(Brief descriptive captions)
------------

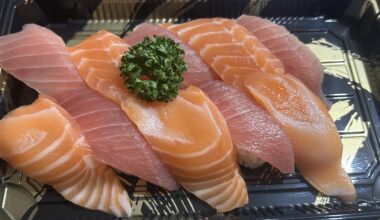 Sushi takeout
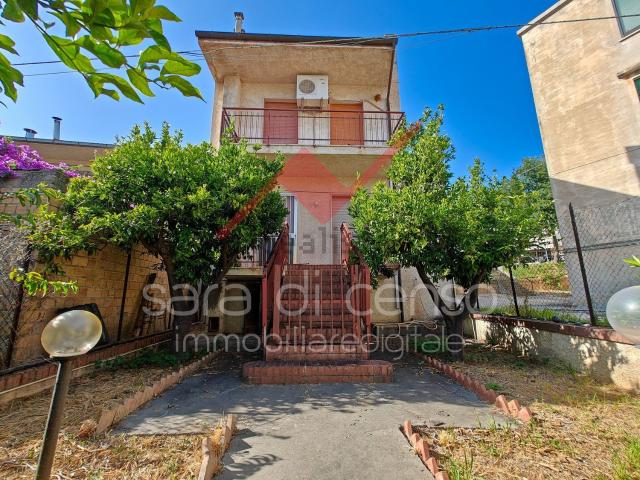 Case e ville in vendita di 236 m² in Via Gioacchino di Marzio, 38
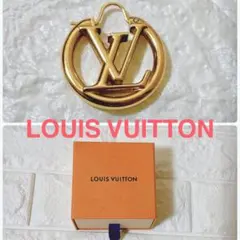 LOUIS VUITTONのロゴデザイン ゴールドトーンフープピアス片耳のサムネイル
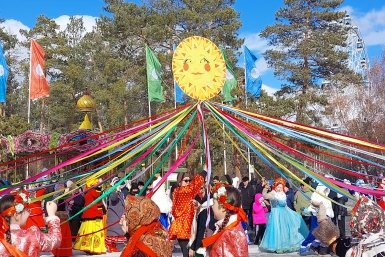 В Якутске проводили зиму и встретили весну ИА YakutiaMedia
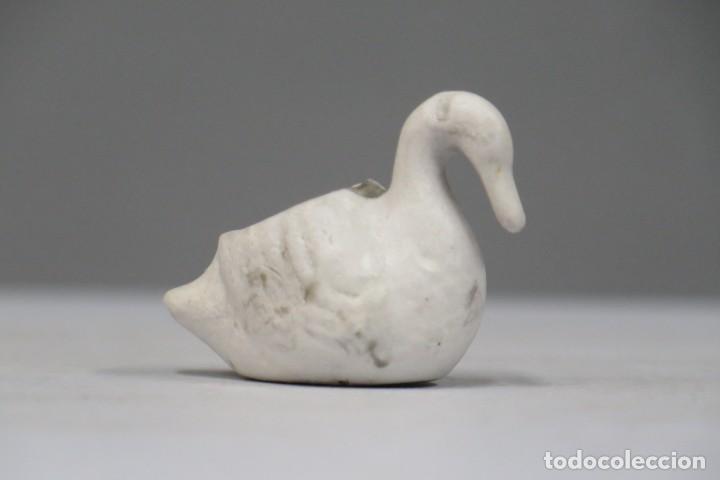 Antig&uuml;edades: CISNE. BISCUIT. HACIA 1890 - Foto 4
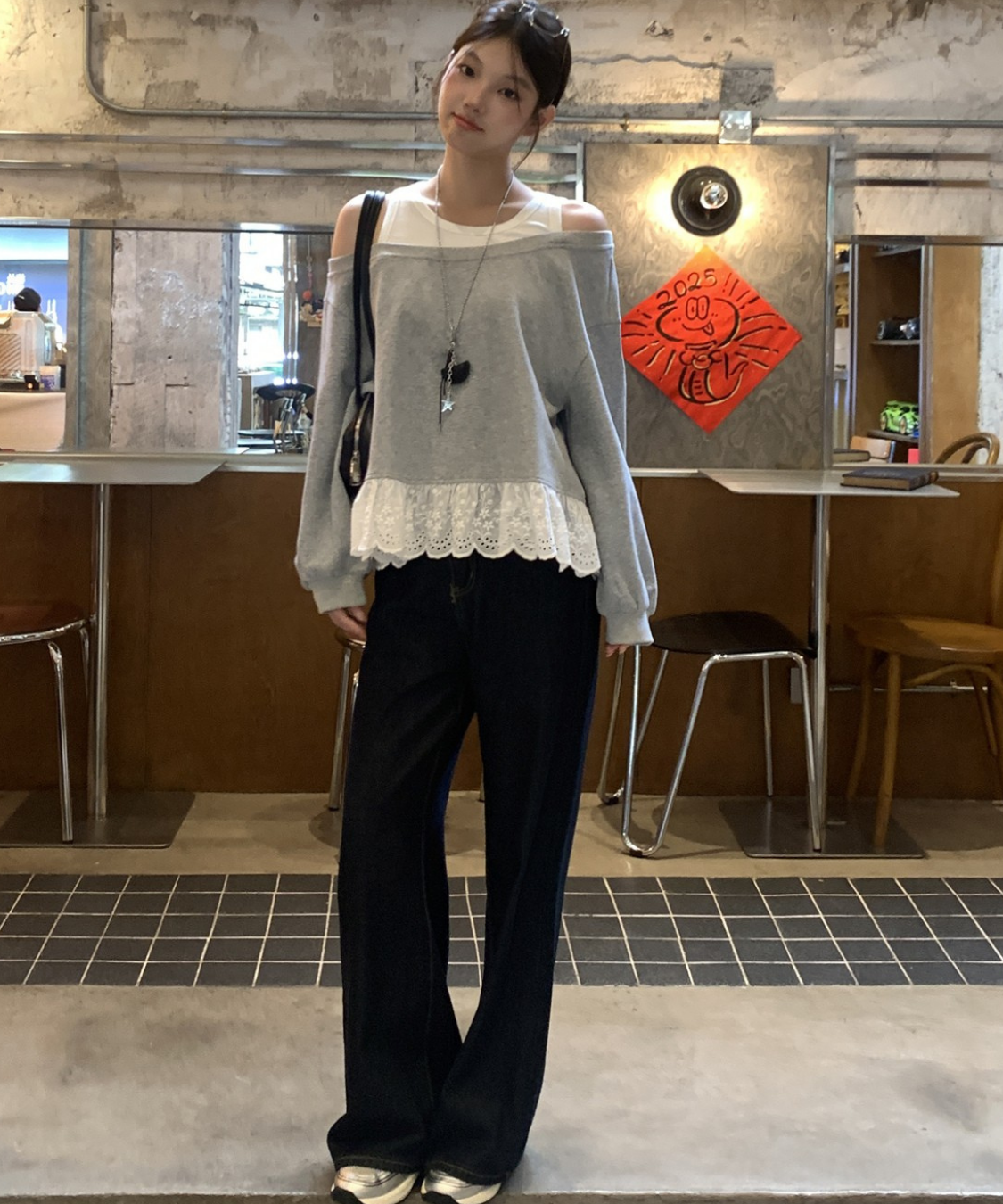 裾レース切り替えオフショル風スウェット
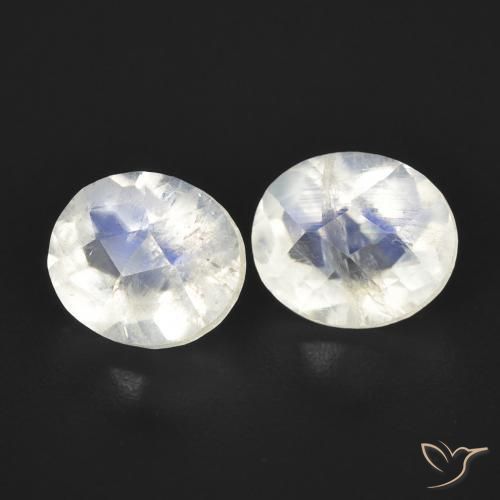 Shop natural 2.38ct Blanc bleuâtre Pierre de lune arc-en-ciel gems, ovale, from États Unis at GemSelect. In stock, global shipping!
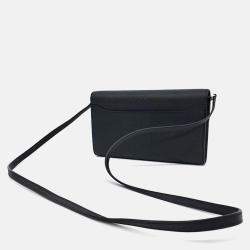 Pre Owned Hermes Black Leather Constance Long To Go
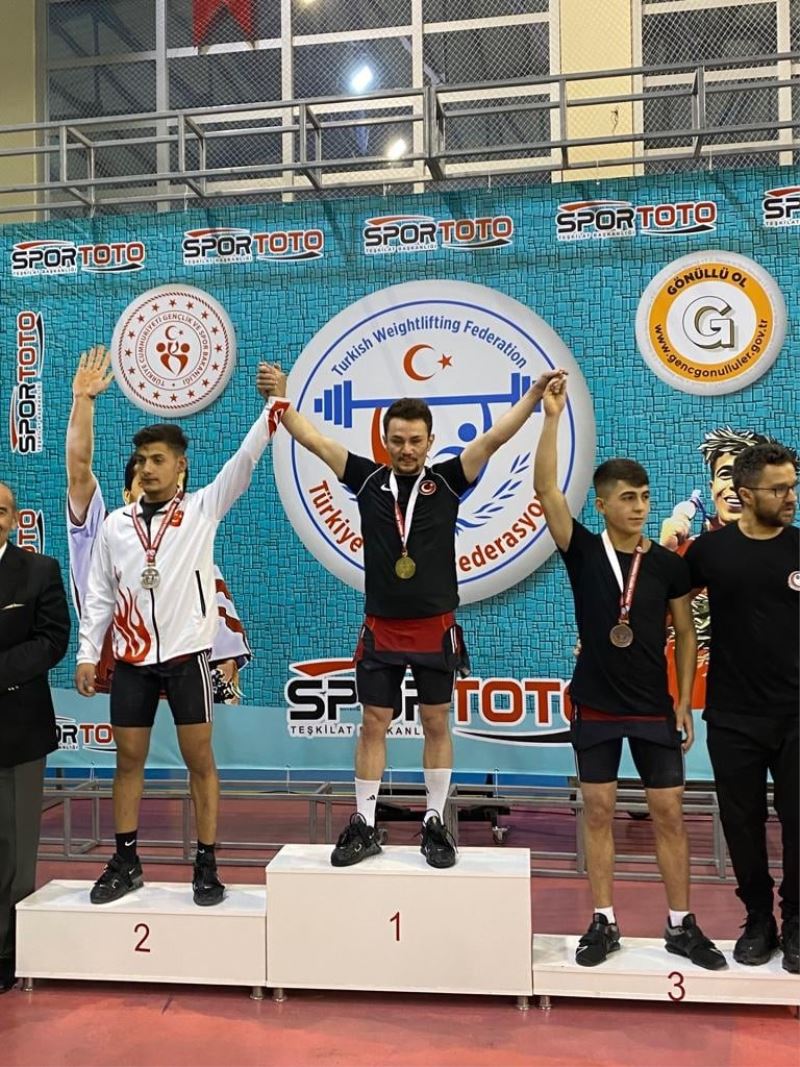 Muhammed Akkaya, halterde Türkiye şampiyonu oldu

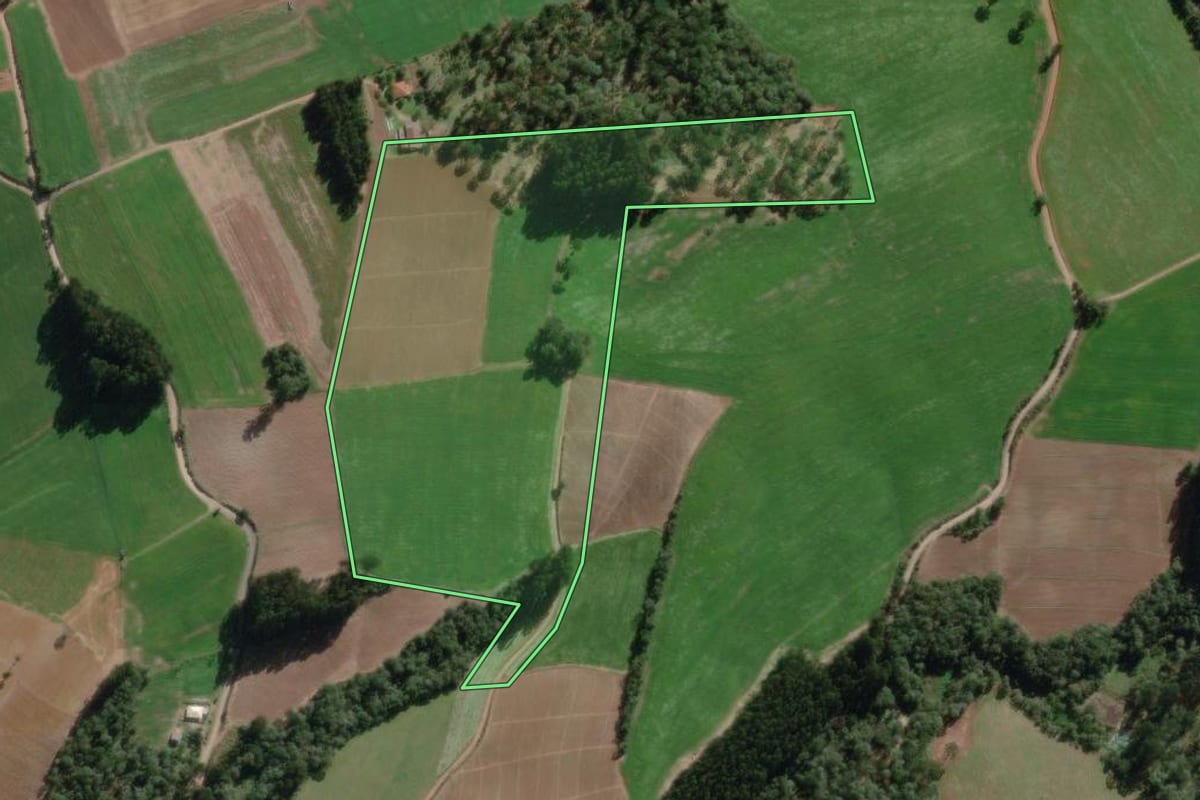 Imagem de satélite do imóvel rural em Canoinhas (SC), com o contorno declarado no CAR desenhado por cima.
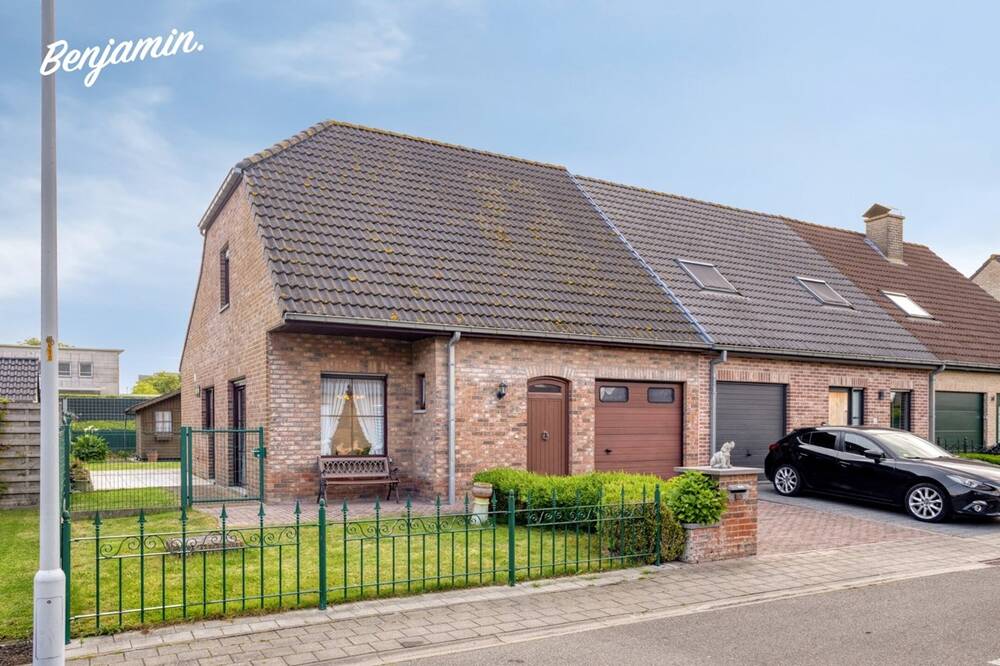 Huis te koop in Ieper 8900 249000.00€ 2 slaapkamers 159.00m² - Zoekertje 496226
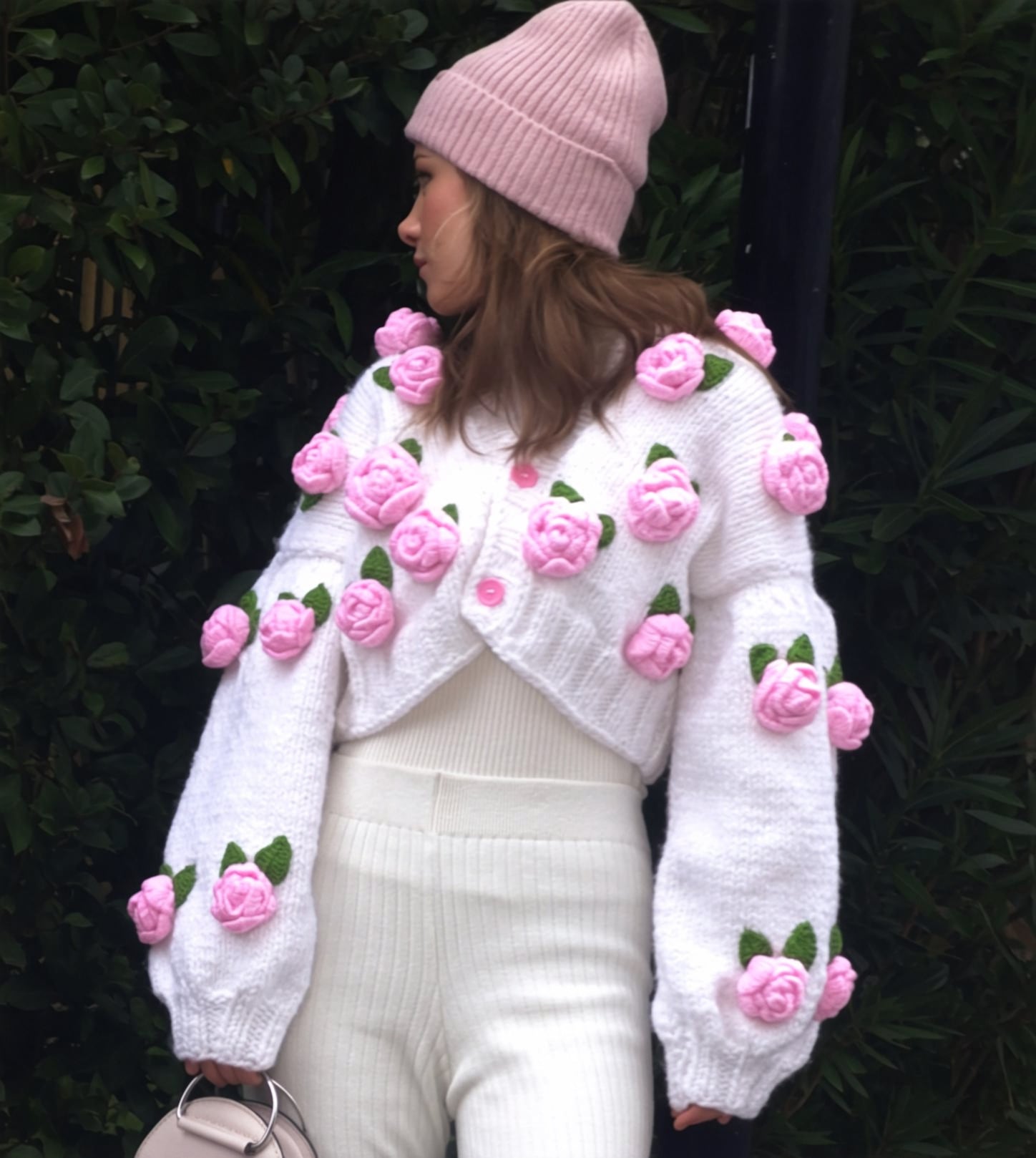 Cozy Wool-Blend White Handknitted Bridal Cardigan with 3D Pink Roses – Chunky Oversized Soft Girl Knitwear, Romantic Handmade Crochet Pullover, Pastel Fashion Layering Sweater, Cozy Artisan Handmade Knit, Gift for Her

------------

An exact copy is needed of the stretch above that opens with the line containing "Muhammed Akkaya, halterde" and closes with the line containing "Huis te koop"; the pictures are not part of it.

SOLUTION TO THE EXERCISE:
 Muhammed Akkaya, halterde Türkiye şampiyonu oldu

 Imagem de satélite do imóvel rural em Canoinhas (SC), com o contorno declarado no CAR desenhado por cima.
 Huis te koop in Ieper 8900 249000.00€ 2 slaapkamers 159.00m² - Zoekertje 496226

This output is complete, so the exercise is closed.